Most large organizations have made a significant investment in trying to prevent cyberattacks from taking place. They have installed numerous detection, monitoring and collection solutions to prevent malicious insiders and external hackers from being able to steal sensitive customer data and valuable corporate IP. What they are now beginning to realize, is that their existing big data repositories are concealing valuable information on potential sophisticated attacks and other security threats. More specifically, as companies turn their attention from prevention to “detection and response,” they realize that if they can unlock the information stored in their user-related data repositories, they can offer security analysts the much needed context to better understand the alerts and threats they face on a daily basis.
User Behavior Analytics (UBA) is rocking this year’s security conferences. Rather than trying to build an ever stronger perimeter, the discussion has changed substantially. Security professionals are investing more resources than ever before into collecting and analyzing vast amounts of user-specific event and access logs which holds the promise of major security benefits including the opportunity to:
- Quickly identify anomalous user behaviors.
- Investigate a prioritized list of potential threats.
- Leverage machine learning techniques to isolate evolving threats.
- Minimize reliance on pre-defined rules or heuristics.
- Detect and respond to Insider Threats much faster.
The future of UBA is promising, however, with significant interest and hype surrounding the benefits of UBA for both enterprises and large organizations, how can someone begin to incorporate UBA into their existing security infrastructure? Here are three simple steps to get you started:
DEFINING THE PROBLEM
The first step is to define the problem.While every organization suffers from the ongoing threat of an external attack or rogue insider usage, few organizations take the time to identify their unique organizational security characteristics. For example, an organization that has created a “crown jewel” proprietary application that is a critical resource required for their business operations must be sure to capture the behavior of employees who use this application. Determining what are the most important company assets up front, helps ensure that their UBA solution will safeguard the company’s most important resources.

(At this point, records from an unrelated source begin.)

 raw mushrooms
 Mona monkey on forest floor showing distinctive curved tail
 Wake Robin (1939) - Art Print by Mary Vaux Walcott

Many UBA prospectors are hoping that after deploying a UBA platform, all of their unanswered questions will miraculously appear as high-rated security alerts. The truth is that UBA works as well as we plan it to work. Planning and defining the problem means that by forming an exact array of questions we plan our UBA to answer, we create a more powerful and precise threat mitigation machine.
The second step is to identifythe groups of users and the types of information you want monitored. That’s why organizations with well-deployed and defined SIEM appliances are finding UBA a natural fit. Combining a SIEM’s ability to gather all data in one place, and then leveraging UBA to correlate, cross-reference and enrich that data, improves chances of gaining swifter results.
The third and final step is implementation. There are numerous ways to utilize the collected data into valuable security insights:
- Visualization – You will need a range of graphic tools to gain quick insight into the anomalies the numbers are hiding. A simple bar chart might be the best way to visualize employee access attempts and see which accounts are the victim of brute force login attempts. For more complex challenges, link graphs are often used to identify abnormal relations between users and machines. In most cases, a picture is worth a 1000 words.
- Drill-Down – Create a linear investigation process, enabling analysts to ‘grab’ a lead and search pre-defined locations for more relevant data. Defining several investigation processes that yield useful security insights can then develop into a routine monitoring practice.
- Aggregate – Achieve even better results by forming summarized data schemes. For example, group security events by different user identities, different time frames and different usage patterns to learn how, when and where users are accessing their data.
- Profile – Though requiring more meaningful development and computational resources, profiling is the first step at automating detection and investigation. A functioning profiling engine could save hours in manual investigation and dramatically reduce the number of leads requiring manual inspection.
UBA is not simply something that you set and forget like an appliance, it’s an entirely different way to view and analyze security data. Think of your problem, collect the appropriate data, and establish the relevant tools to gain visibility to the unseen threats lurking inside your network.